Vegetation in the park falls into two categories: coastal and upland. Coastal flora includes belts of coral reef vegetation, grasses, bush, and littoral forest. Upland flora includes belts of wetland, grassland, scrub, and forest. The Nanrenshan monsoon forest, Sail Rock and Shiangjianwan littoral forests, and uplifted coral forest are of particular interest to visitors and are protected under permanent conservation programs.

Kenting's diverse foliage supports a wide variety of animal life, including 15 wild mammal species, 316 different types of birds, 59 varieties of reptiles and amphibians, 2 species of freshwater fish, 216 different types of butterflies, and a profusion of insect life. Come to the park between autumn and spring to enjoy the annual visit of migratory birds. Kenting is a preferred rest stop for many migratory species, including the brown shrike, gray-faced buzzard, Chinese sparrow hawk, and numerous varieties of water duck.

Ocean Marine Life

The Kenting National Park is the only national park in Taiwan to include undersea areas within its boundary. The Kuroshio ("black current"), which passes nearby, maintains temperatures in the waters around Kenting at a relatively stable within the relatively stable range of 22~29oC year-round. The small number of rivers in the area helps ensure crystal clear coastal waters and creates an ideal environment for coral, which is found here in abundance, as well as fish, crustaceans, and seaweed.
Kenting is home to beautiful natural reefs, built up by countless generations of coral over thousands of years. Both types of coral, hermatypic (constructive) and ahermatypic (non-constructive), can be found in the coastal waters here. Hermatypic corals tend to live close to the ocean surface as they need ample sunlight to thrive. Ahermatypic corals, however, live in deeper, darker waters. In Kenting, you can also see both "soft" and "stony" corals -- so named based on the firmness of their calcium skeletons. It is mostly the stony corals which contribute to the building of coral reefs. Coral is a key feature of the Kenting National Park, serving as environmental bellwether for the area's delicately balanced ecosystems as well as shelter for the massive population of fish, shellfish, crustaceans, and more that calls the Kenting reefs home.

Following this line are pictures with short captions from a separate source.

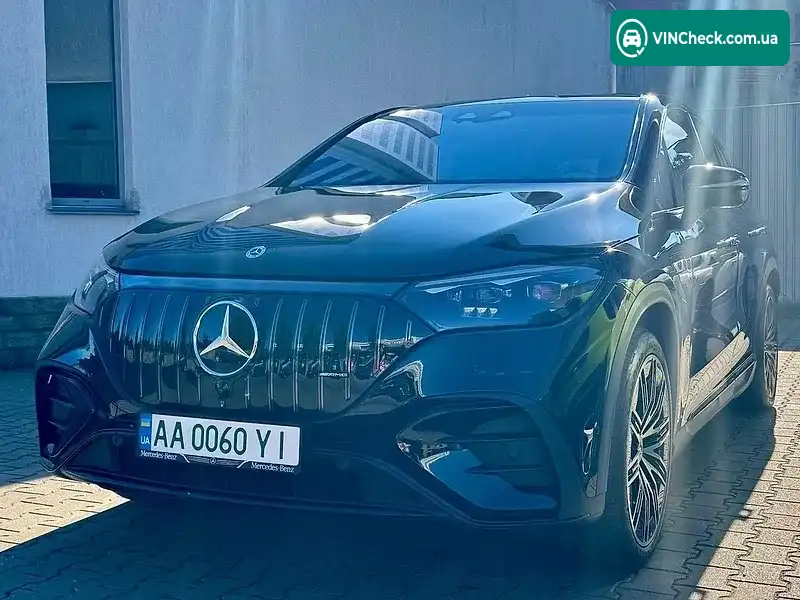Mercedes-Benz EQE SUV 2023, фото з оголошення 1 з 20, VIN W1NGM2CB0PA019818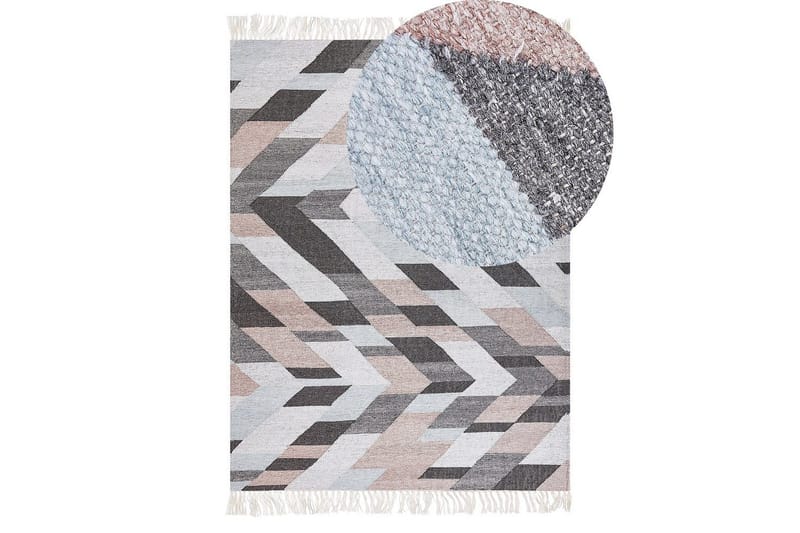 Tasapainokudottu Nakkas - 140x200 cm - Kodintekstiilit & matot - Matto - Tasokudotut matot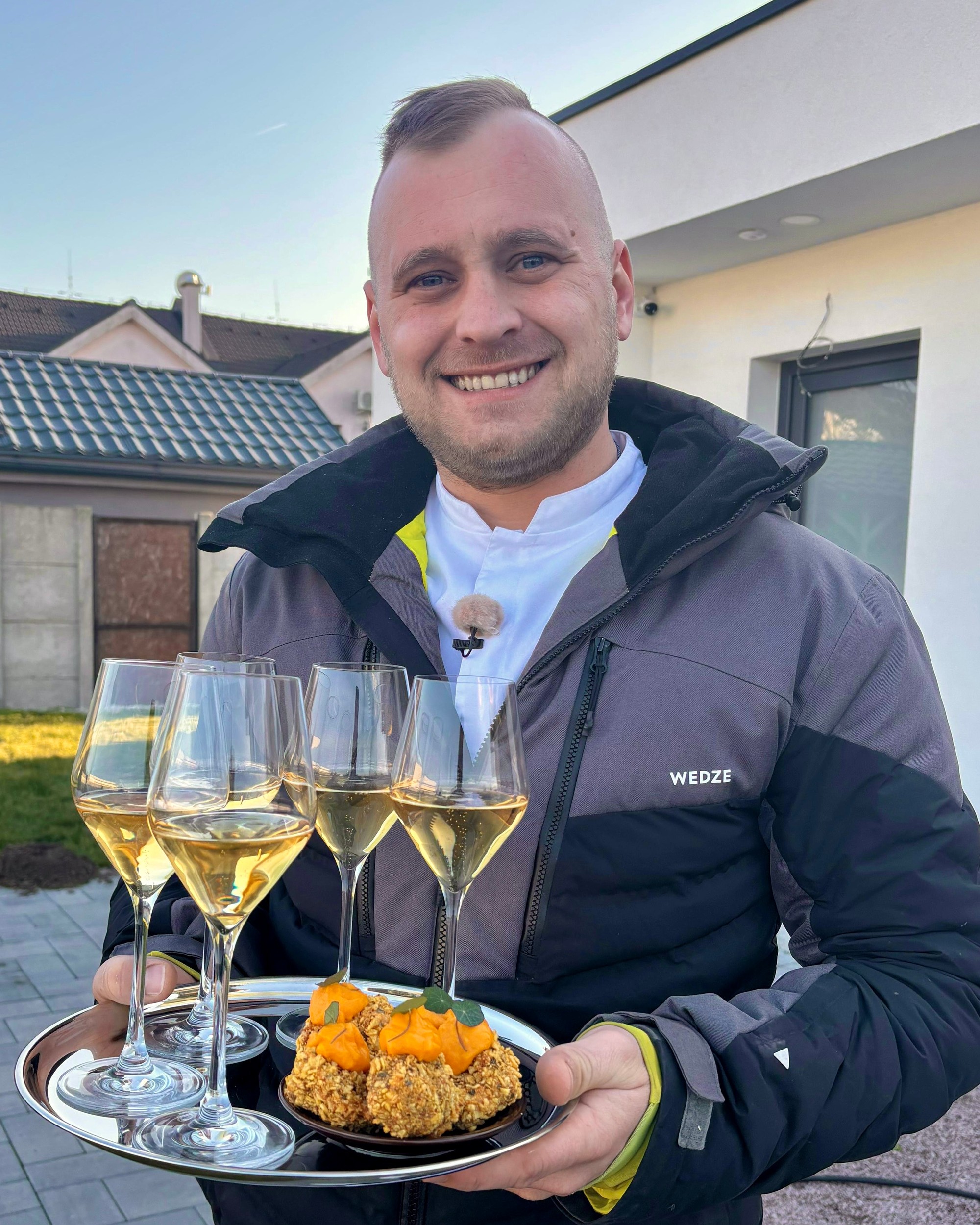Bez servítky - Martin Kolník.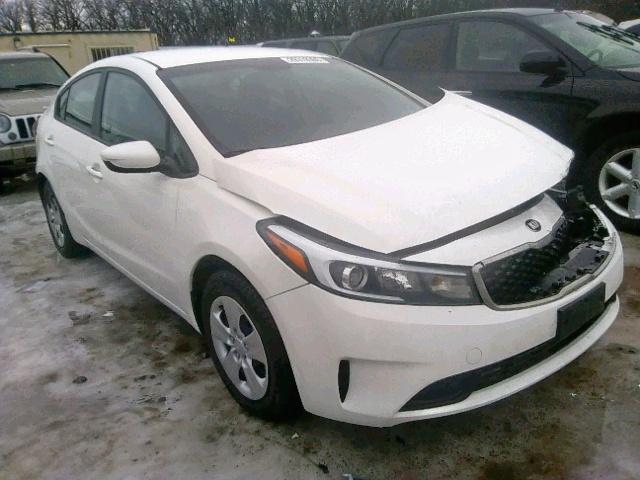 Kia Forte lx (2018)
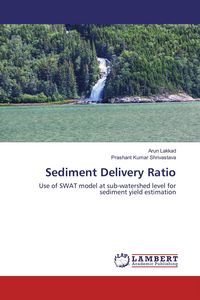 Produktbild: Sediment Delivery Ratio
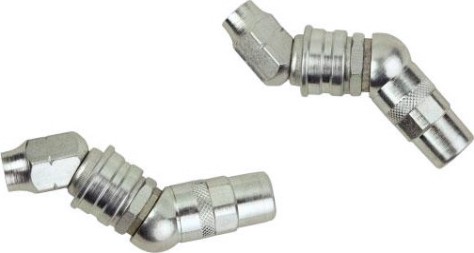 Гидравлическая 3-х лепестковая насадка GROZ HC/SW/3/B 360 градусов для ручных шприцев 1/8 [GR43560]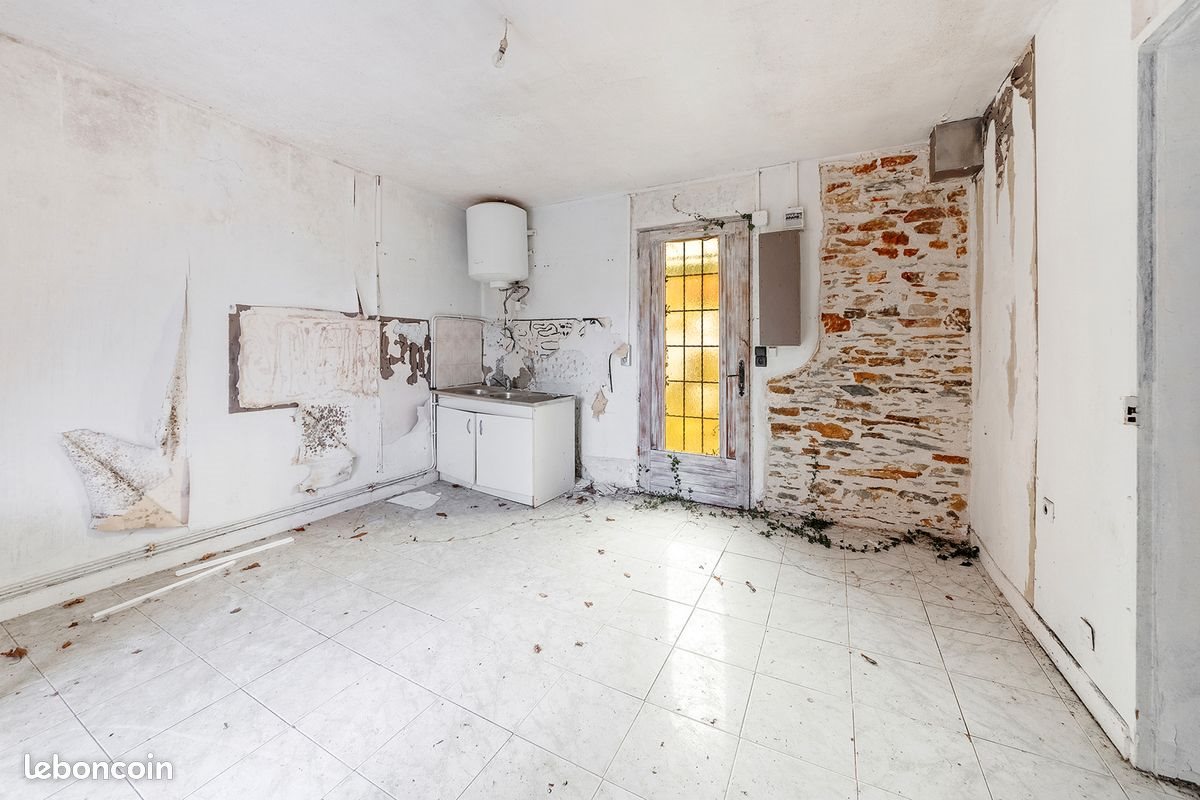 Maison à vendre, 36m², Soulvache
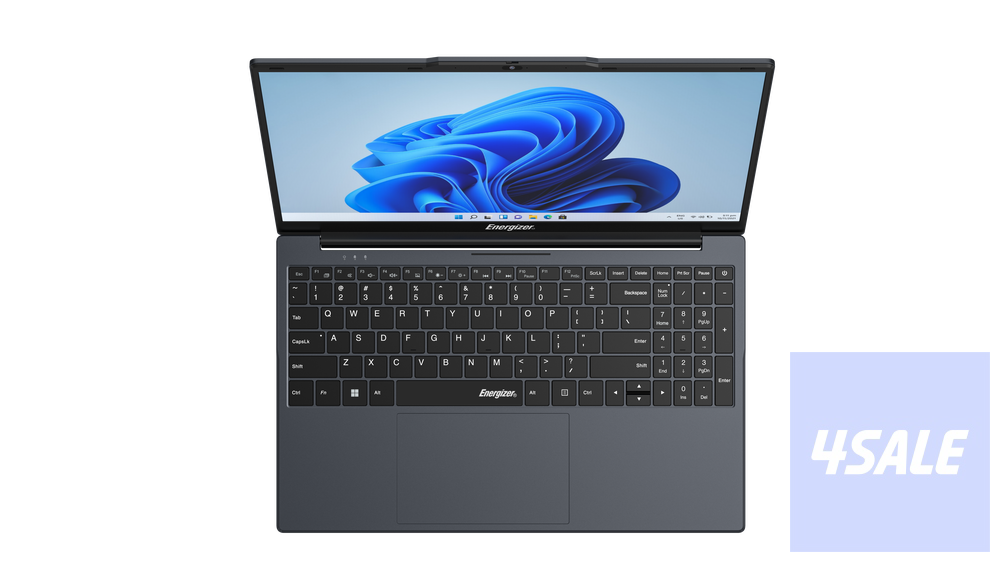 Energizer EnergyBook 15.6'' P65 (8GB/256GB) - Stellar Grey (QWERTY)6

Researchers have identified 236 distinct species of coral within the Kenting National Park. Soft corals, comprising a relatively small number of species but accounting for the highest population numbers, are located offshore in greatest concentrations between Houbihu Harbor and Dalaugu and between Leidashr and Maobitou. The profusion of soft coral at Kenting is one of the few concentrations of its kind in the world.
   
History

Seventeen prehistoric sites have been identified so far within Kenting National Park. Most sites are situated on the eastern bank of the Shrniou River and date back around 4,000 years. These represent some of the best preserved prehistoric sites on Taiwan and include remains of fired pottery typical of the Paleolithic and Neolithic cultures that once lived here. Historical sites of a more recent vintage, such as slate slab aboriginal houses in Nanrenshan and the lighthouse (built in 1882) at Eluanbi, should also not be missed during your visit.
The Puyuma tribe is the predominant aboriginal (native) group on the Hengchuen peninsula and today they are primarily engaged in hillside agriculture and fishing. The Puyuma have well-developed traditional arts, which include woodcarving and tattooing. The Ami, the dominant aboriginal tribe of eastern Taiwan, reside in Hengchuen's lowlands and in coastal settlements. The Hengchuen Amis comprises the southernmost branch of that tribe in Taiwan. Modern-day immigration has also introduced members of the Siraiya Makatau tribe, a group originally from the Tainan area, to the peninsula as well.